Compared to deepwater drilling, shallow-water drilling is relatively easy and historically safe, compounding the confusion over the government’s sluggish pace of approving drilling applications, which are necessary for businesses to drill for oil.
“Despite the industry's demonstrated safety record and straightforward approach to subsurface energy resource extraction, as of September 22, 2010 BOEM had issued only six permits for new shallow-water wells in the five months since the April 20th Deepwater Horizon accident,” the study reported. “Prior to the spill, the Interior Department issued an average of 10 to 15 permits for new shallow water wells per month.”
This slow pace has resulted in nearly one-third of the shallow water drilling fleet to sit idle, a fact that could “mothball” the entire shallow water drilling industry due to the fact that rigs move from one project to the next approximately every six weeks. If the government continues its slow pace of drilling permit approvals, nearly 75 percent of the shallow water fleet could be idled by November 30, the report stated.
This slowdown in drilling could cost the region’s economy an estimated $4.3 billion over the course of the year, the report found.
“Over the course of one year, should 75 percent of the rigs become stacked as a result of BOEM inaction on issuing permits, the direct economic losses to the nation’s businesses and workers would exceed $4.3 billion, with Louisiana taking the biggest hit and Mississippi second,” it said.
The economic effects of this “de facto” ban on shallow-water drilling are not confined to the drilling industry, the report explained. Because the oil industry is such a large regional employer, sectors from banking to hospitality are being negatively affected.
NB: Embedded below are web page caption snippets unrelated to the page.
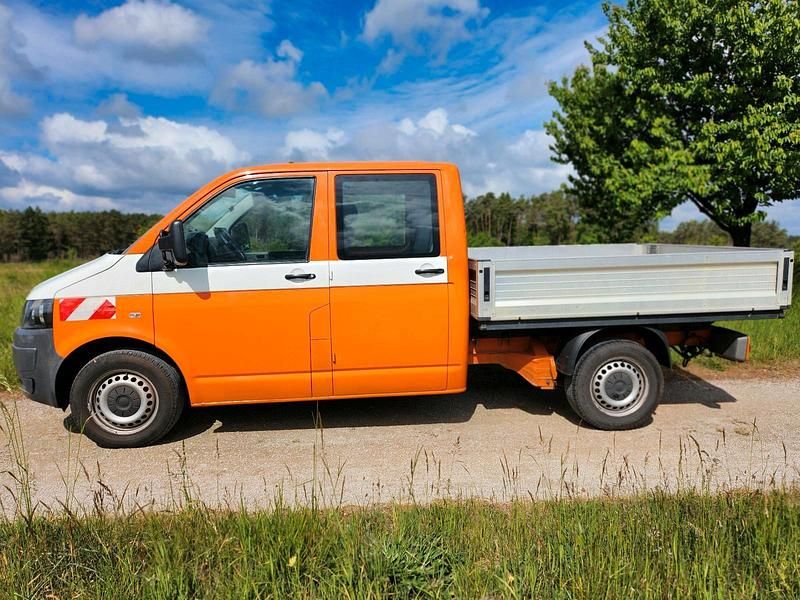 Gebraucht VW T5 140 PS (102 kW) 2013 Orange Van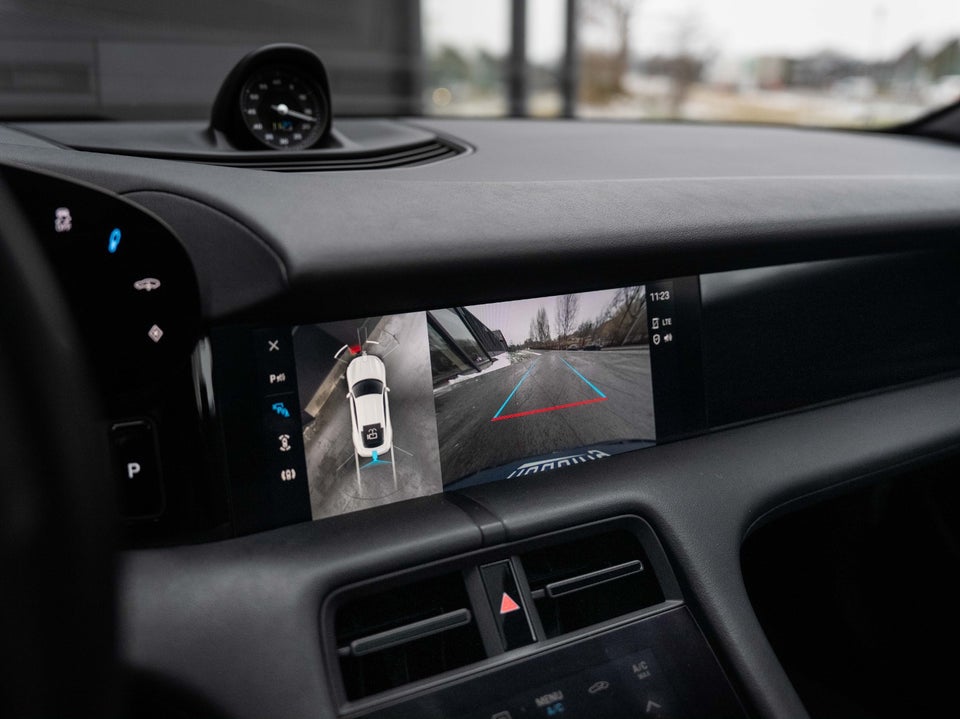 Porsche Taycan Performance+ 4d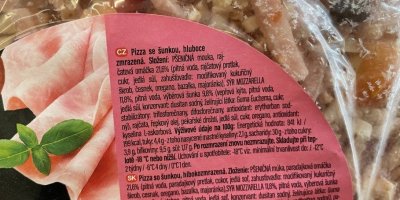Etiketa na obalu mražené pizzy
“Many small businesses are scaling back expenses and laying off workers while others are cutting back because of uncertainty about the cost of proposed new regulations for offshore drilling once the drilling ban is lifted,” the report said.
“Banks are leery about making loans to oil, gas and boat businesses for fear that more operations will move overseas,” according to the study. “Housing prices and sales have dropped markedly over the past several months -- even as they’ve stabilized nationally -- while pending residential home sales are down 23 percent from a year ago.”
The long-term consequences of both the deepwater and de facto shallow-water bans could be severe, the study warned, as jobs move overseas, oil imports rise, and U.S. technological leadership diminishes.
oil spill commission
President Barack Obama with BP Oil Spill Commission co-chairs, former Sen. Bob Graham of Florida and former EPA Administrator William Reilly, in the Rose Garden on Tuesday, June 1, 2010. (AP Photo/Charles Dharapak)
“If the bans remain in place much longer, additional exploration and production will move overseas, destroying thousands of high wage American jobs while weakening the nation’s economic and national security as larger quantities of fossil fuels are imported,” reads the report. “And as more rigs relocate to other countries, the U.S. risks losing its global technical leadership in offshore drilling, just as has occurred with nuclear energy.”
The report’s author, Dr. Bernard Weinstein, told CNSNews.com that the loss of income to Gulf Coast communities would be “significant” and would affect through the wider economy.
“That income [loss] ripples through the economy and affects not only those directly employed in offshore exploration and production but all the service industries for that matter [and] small businesses providing goods and services to residents in those communities, grocery stores, farmers – you can just go on down the list,” he said.
The Bureau of Ocean Energy Management, Regulation and Enforcement did not respond to messages left by CNSNews.com inquiring about the slowdown in drilling permits at press time.